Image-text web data
>>>
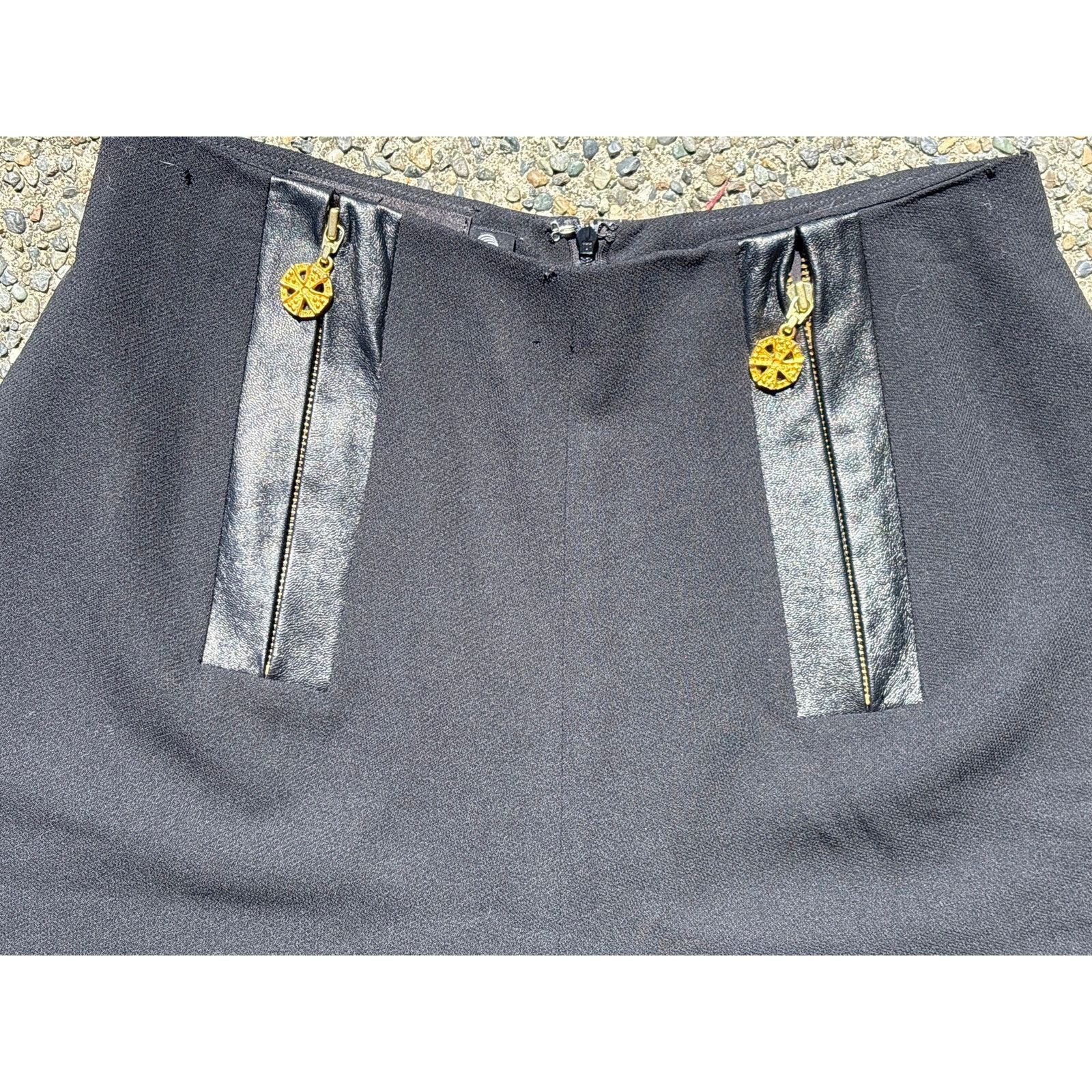 Nordstrom Vtg Japanese Wool baggy pants iron cross zipper Nordstrom 12 Size 34" / US 12 / IT 48 - 4 Thumbnail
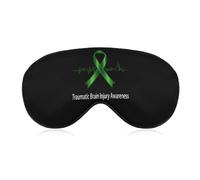 Traumatic Brain Injury Survivor Heartbeat Sleep Mask Adjustable Eye Mask Blindfold Eye Cover Sleeping Mask for Home Travel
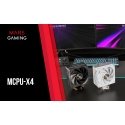 Mars Gaming MCPU-X4 Suoritin Ilmanjäähdytin 12 cm musta 1 kpl Mars Gaming MCPU-X4 Suoritin Ilmanjäähdytin 12 cm musta 1 kpl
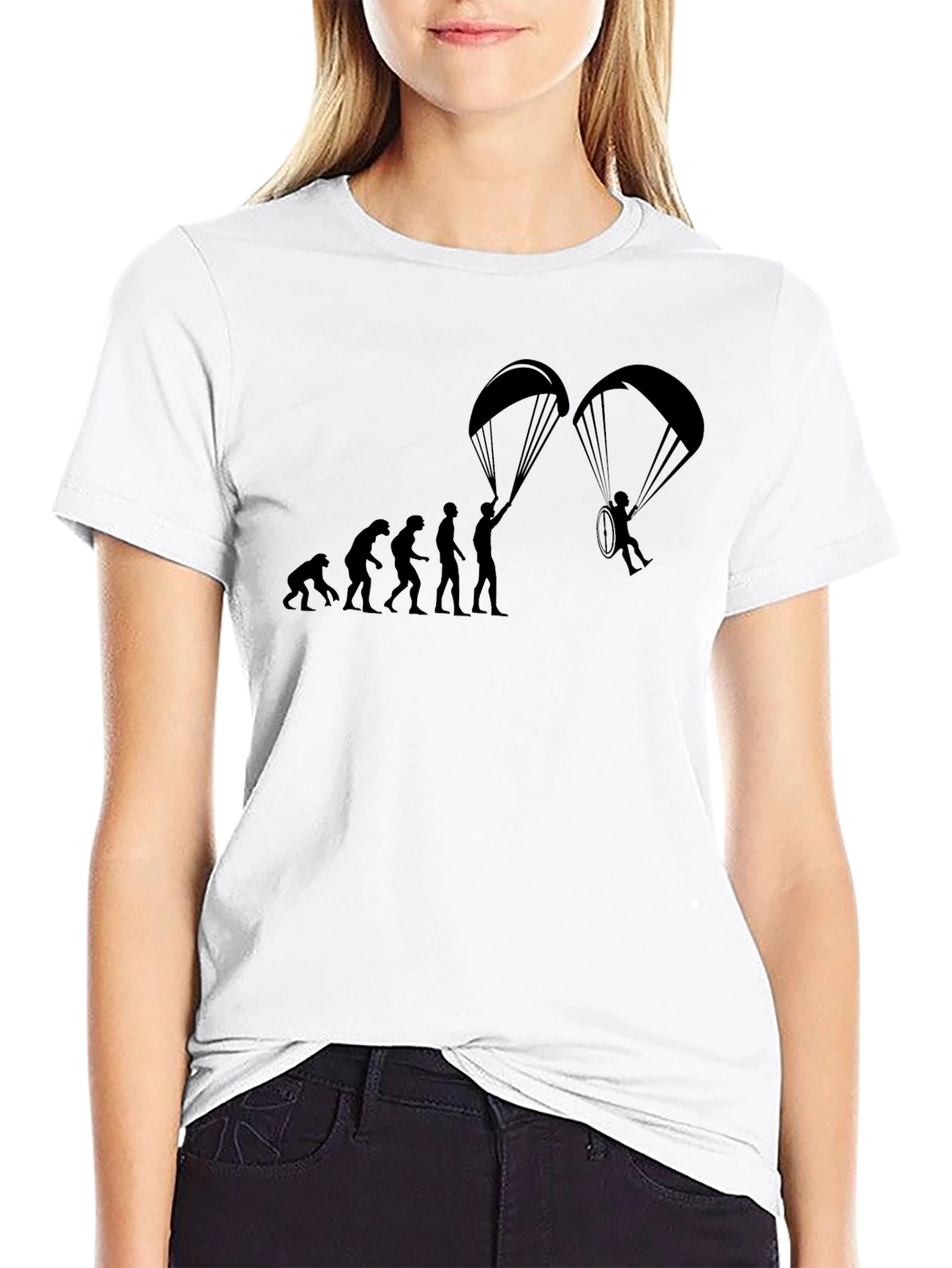 Paragliding Evolution Black T-Shirt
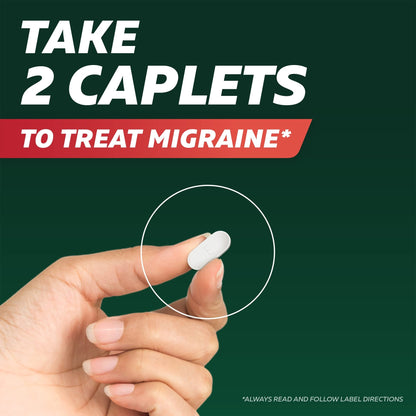 Excedrin Migraine Relief Caplets to Alleviate Migraine Symptoms - 200 Count - dailyvitalstore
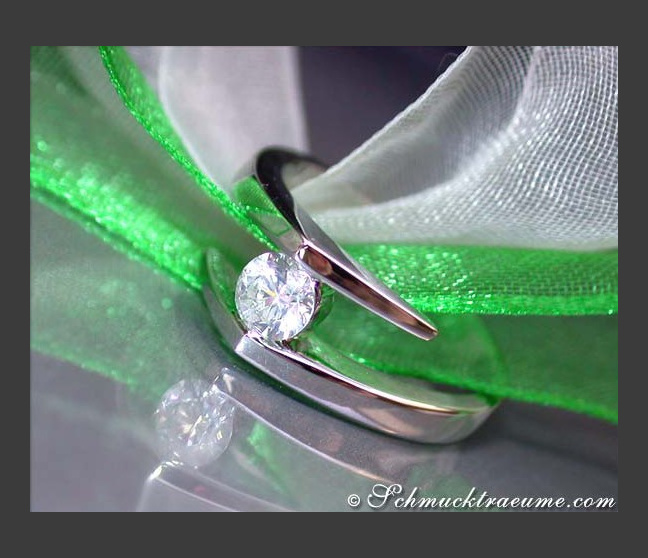 Diamant Solitär Ring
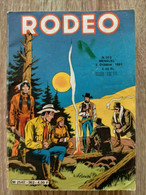 Bd RODEO N° 362  TEX WILLER  CARSON 05/10/1981  LUG   BE - Rodeo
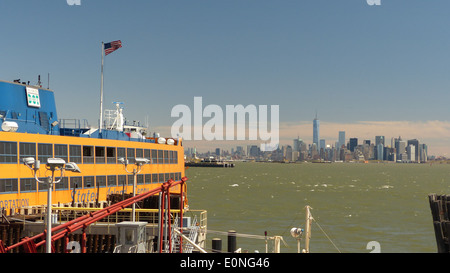 Skyline von New York unter anderem neue Freedom Tower, One WTC Stockfoto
<<<
Give the lines again word for word, from the start of the records to the line holding "Bd RODEO N°", both included, and leave out any picture.

 Nordstrom Vtg Japanese Wool baggy pants iron cross zipper Nordstrom 12 Size 34" / US 12 / IT 48 - 4 Thumbnail
 Traumatic Brain Injury Survivor Heartbeat Sleep Mask Adjustable Eye Mask Blindfold Eye Cover Sleeping Mask for Home Travel
 Mars Gaming MCPU-X4 Suoritin Ilmanjäähdytin 12 cm musta 1 kpl Mars Gaming MCPU-X4 Suoritin Ilmanjäähdytin 12 cm musta 1 kpl
 Paragliding Evolution Black T-Shirt
 Excedrin Migraine Relief Caplets to Alleviate Migraine Symptoms - 200 Count - dailyvitalstore
 Diamant Solitär Ring
 Bd RODEO N° 362  TEX WILLER  CARSON 05/10/1981  LUG   BE - Rodeo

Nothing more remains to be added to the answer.